Titel: Tichenor's Verfahren zur Herstellung von Butter u. dgl.
Autor: Anonymus
Fundstelle: 1884, Band 253 (S. 459)
URL: http://dingler.culture.hu-berlin.de/article/pj253/ar253157

Herstellung von Butter u. dgl. mittels Elektricität.

Mit Abbildung.

Zur Herstellung von Butter mittels Elektricität schlägt A. C. Tichenor in San-Francisco, Californien (* D. R. P. Kl. 53 Nr. 27795 vom 8. Juli 1883) vor, die Sahne oder Milch in ein isolirtes Gefäſs A zu bringen, dann die Elektroden e einzutauchen und so lange einen elektrischen Strom hindurchzuleiten, bis sich die Butterkügelchen abgeschieden haben. Bei Verwendung von 45l Flüssigkeit soll ein von einer Dynamomaschine gelieferter Strom, welcher 40 Daniell'schen Elementen entspricht, 3 bis 5 Minuten lang wirken. Es soll sich dann die feste Masse von selbst im oberen Theile des Gefäſses abscheiden, während der Rückstand in Form einer dünnen Flüssigkeit auf dem Boden bleibt und durch ein Rohr a abgelassen werden kann.
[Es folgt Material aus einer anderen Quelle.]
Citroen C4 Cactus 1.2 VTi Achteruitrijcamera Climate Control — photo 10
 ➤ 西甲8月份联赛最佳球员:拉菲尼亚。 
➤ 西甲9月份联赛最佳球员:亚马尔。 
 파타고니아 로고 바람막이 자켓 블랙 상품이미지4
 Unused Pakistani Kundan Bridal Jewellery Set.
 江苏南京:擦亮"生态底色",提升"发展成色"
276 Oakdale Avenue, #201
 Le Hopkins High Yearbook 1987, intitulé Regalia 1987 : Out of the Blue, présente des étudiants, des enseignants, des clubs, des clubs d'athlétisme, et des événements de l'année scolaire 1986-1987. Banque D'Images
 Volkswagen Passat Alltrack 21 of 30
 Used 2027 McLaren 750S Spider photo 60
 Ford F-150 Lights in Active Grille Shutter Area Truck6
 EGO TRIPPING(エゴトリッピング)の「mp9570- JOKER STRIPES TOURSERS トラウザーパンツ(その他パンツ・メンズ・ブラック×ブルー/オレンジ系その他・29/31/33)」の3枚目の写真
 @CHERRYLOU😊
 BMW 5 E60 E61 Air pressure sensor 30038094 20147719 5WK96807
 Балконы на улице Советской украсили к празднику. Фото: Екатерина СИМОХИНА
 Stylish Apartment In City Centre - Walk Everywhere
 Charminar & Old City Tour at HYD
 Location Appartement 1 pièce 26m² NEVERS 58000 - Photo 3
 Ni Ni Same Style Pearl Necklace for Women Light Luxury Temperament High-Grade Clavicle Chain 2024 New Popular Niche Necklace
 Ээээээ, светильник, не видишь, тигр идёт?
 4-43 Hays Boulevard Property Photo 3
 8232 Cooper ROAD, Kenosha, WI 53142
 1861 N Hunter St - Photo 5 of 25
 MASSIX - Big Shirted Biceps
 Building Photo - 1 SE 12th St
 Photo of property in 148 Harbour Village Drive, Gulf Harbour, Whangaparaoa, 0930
Das Product wird schlieſslich in einem Butterfasse oder einem ähnlichen Apparate weiter bearbeitet, um eine genügend feste und gleichartige Masse zu erhalten.

Textabbildung Bd. 253, S. 459

Zur Gewinnung geronnener Milch für die Käsebereitung wird Milch in das Gefäſs A gebracht und in derselben Weise der Wirkung des elektrischen Stromes ausgesetzt, worauf die geronnene Milch für die folgende Arbeit entfernt wird.

Um ranzige Butter wieder schmackhaft zu machen, soll dieselbe in Stücken in das Gefäſs A gebracht werden, in welchem sich schon vorher verdünnte Salzlösung oder Milch befindet. Hierauf sollen die Pole eingetaucht und der elektrische Strom so lange zur Wirkung gebracht werden, bis die Butter ihre unangenehmen Eigenschaften verloren hat.

Bei der Behandlung von Speck verfährt man angeblich in derselben Weise, indem man Milch als Leitungsflüssigkeit für den elektrischen Strom gebraucht und so den üblen Geschmack, Geruch und Unreinigkeiten, welche sich an der Oberfläche ansammeln, entfernt.

In gleicher Weise verfährt Tichenor bei anderen nicht flüssigen Fetten. Bei einer Fettmasse von ungefähr 0t,5 muſs die Einwirkung des elektrischen Stromes ungefähr 2,5 Stunden dauern. Bei der Regenerirung von Oelen soll man keiner Leitungsflüssigkeit bedürfen, sondern den elektrischen Strom ohne jede Vermittelung durch das in das Gefäſs A gegossene Oel leiten.

In welcher Weise der Strom, falls derselbe überhaupt durch diese Fette hindurchgeht, diese Wirkungen hervorbringen soll, ist leider nicht angegeben.